本文介绍了一个寻找两个四位素数间最短转换路径的算法。通过广度优先搜索,确保每一步变换后的数字都是素数,并记录最小变换成本。
| Time Limit: 1000MS | Memory Limit: 65536K | |
| Total Submissions: 15440 | Accepted: 8707 |
Description
The ministers of the cabinet were quite upset by the message from the Chief of Security stating that they would all have to change the four-digit room numbers on their offices.
— It is a matter of security to change such things every now and then, to keep the enemy in the dark.
— But look, I have chosen my number 1033 for good reasons. I am the Prime minister, you know!
— I know, so therefore your new number 8179 is also a prime. You will just have to paste four new digits over the four old ones on your office door.

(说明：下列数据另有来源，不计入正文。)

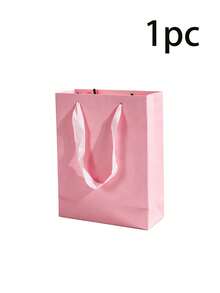 10pcs/5pcs/1pc Blank Paper Gift Bags With Velvet Rope Handles, Reusable Matte Paper Shopping Tote Bags, Suitable For Weddings, Birthday Parties, Boutique Retail Packaging, Black, White, Pink - Pink - View 12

— No, it’s not that simple. Suppose that I change the first digit to an 8, then the number will read 8033 which is not a prime!
— I see, being the prime minister you cannot stand having a non-prime number on your door even for a few seconds.
— Correct! So I must invent a scheme for going from 1033 to 8179 by a path of prime numbers where only one digit is changed from one prime to the next prime.
Now, the minister of finance, who had been eavesdropping, intervened.
— No unnecessary expenditure, please! I happen to know that the price of a digit is one pound.
— Hmm, in that case I need a computer program to minimize the cost. You don’t know some very cheap software gurus, do you?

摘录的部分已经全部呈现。